Parce qu’il y a quelque chose qui m’a toujours fasciné dans cette époque, une pudeur, une douce retenue. Un amour qui s’éclot lentement. Les années 70 évoquent autre chose pour moi : l’opposition, la révolution, la lutte pour la liberté.
Et pourquoi ne pas avoir proposé une continuité avec un saut dans le futur ?
Je voulais que cela soit le passé pour que l’on s’enracine dans quelque chose de fort, avant de se projeter dans l’après.
Après les romances de fin des années 90 et début des années 2000 aux Etats-Unis, l'industrie du film US semble s'intéresser de nouveau à la représentation du Black Love. En France, ce n'est pas du tout le cas, ce qui rend ce clip d'autant plus précieux en terme de représentation. Est-ce un aspect auquel vous avez été sensible dans les choix de mise en scène ?
Oui, il était important pour nous de « nous » représenter. L’image quoi qu’on en dise joue un rôle « politique» et quand on a la possibilité de maîtriser la narration, je pense qu’il ne faut pas hésiter, il faut que l’on raconte nos histoires, que l’on se dépeigne avec notre propre regard. Donc oui le black love de ce clip est intentionnel, même si j’avoue que cette notion me met mal à l’aise. Devons-nous vraiment démontrer notre humanité, prouver que nous aussi nous sommes dignes d’aimer et d’être aimé ? C’est dans ce sens que la notion de Black love est délicate en mon sens. Par contre, tant que nous le souhaiterons, nous continuerons à nous présenter dans toutes nos sphères, dans toutes nos potentialités.
Pouvez-vous nous raconter une anecdote de ce tournage ?
Nous avons tourné les images de Guadeloupe alors que le titre n’était pas encore terminé, c’est pour cela qu’il n’y a aucun playback dans ces scènes.

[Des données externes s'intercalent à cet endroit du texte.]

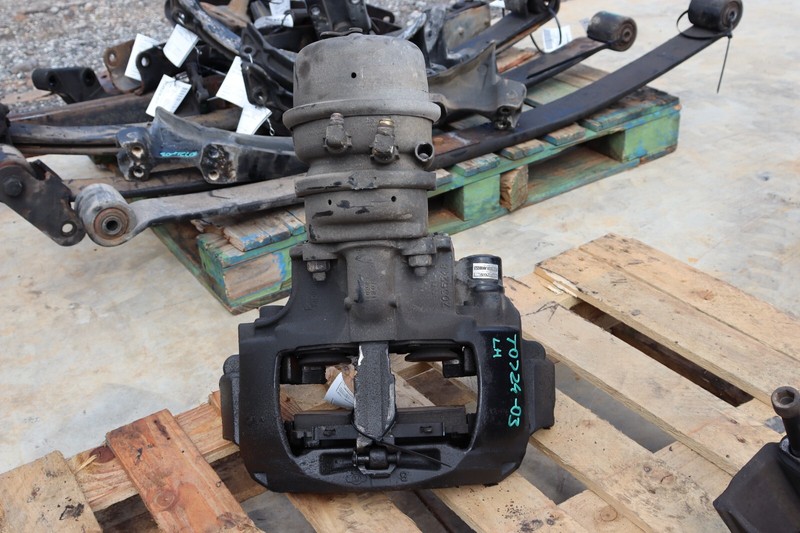 17-24 FREIGHTLINER CASCADIA 126 LEFT SIDE BENDIX AIR BRAKE CALIPER Z035248 OEM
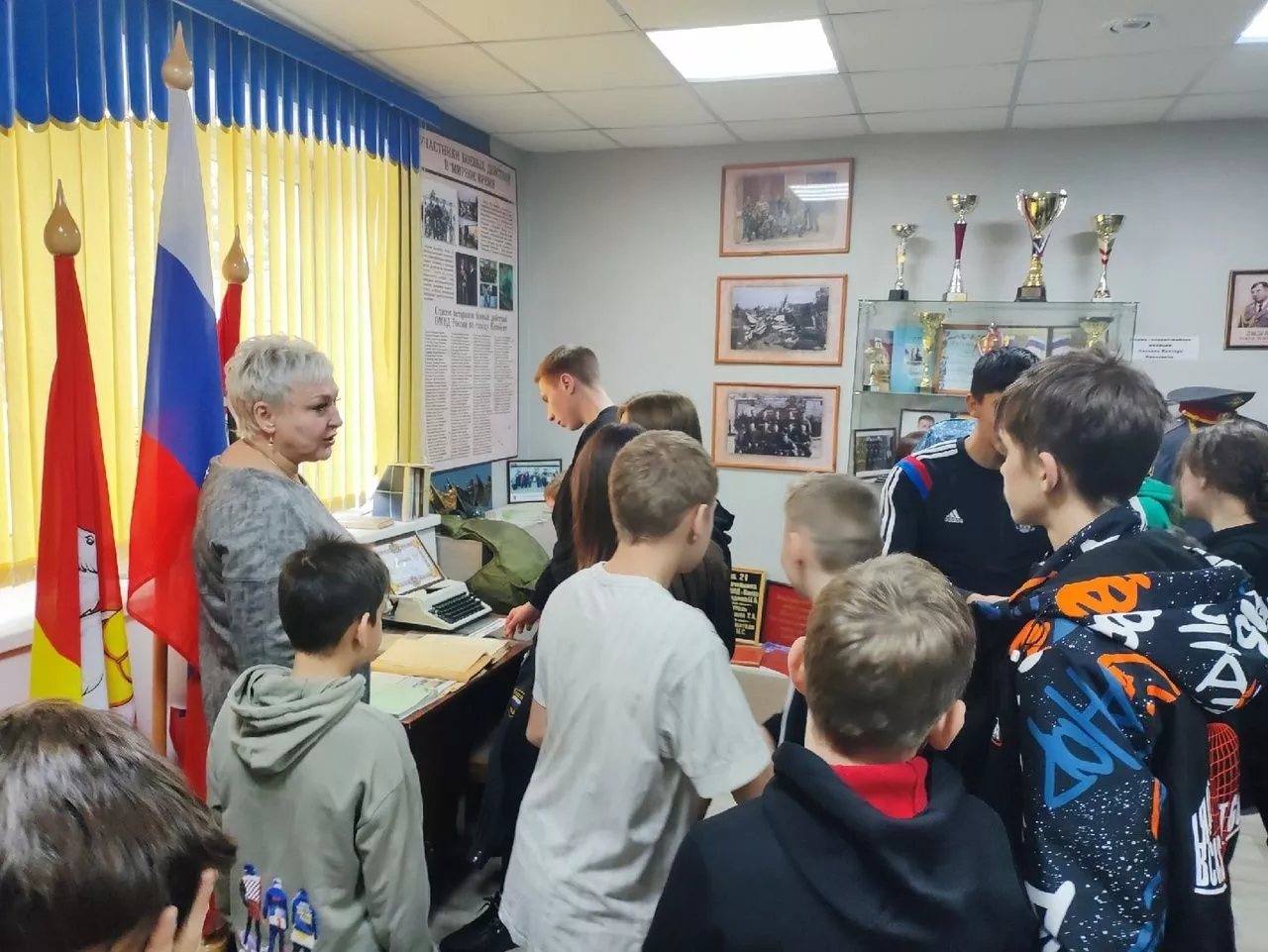 Для подростков Копейска провели экскурсию в полицию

Imaginez un.e enfant de 10 ans qui regarde ce clip en 2100. Quels commentaires espérez-vous l'entendre faire ?
L’amour existe …
Quels sont vos futures projets sur le court/moyen/long terme ?
Je fourmille de projets mais j’aime en parler le moment venu pour ne pas m’éparpiller. Ce que je peux tout de même dire c’est que je travaille sur de nouvelles chansons, je continue de travailler sur ma marque de bijoux MOUN et puis j’ai une envie de me remettre derrière la caméra pour d’autres projets audio-visuels.
Bonus : pouvez-vous citer un clip-vidéo qui, pour vous, représente le mieux la Guadeloupe et nous expliquer pourquoi ?
Je dirais le clip de Sadik « On Sèl Kou » . Il y a quelque chose de crûment vrai dedans, je trouve qu’il décrit bien le caractère paradoxal de la Guadeloupe, il dénonce tout en étant tellement plein d’amour pour le pays et ses gens. J’aime ça.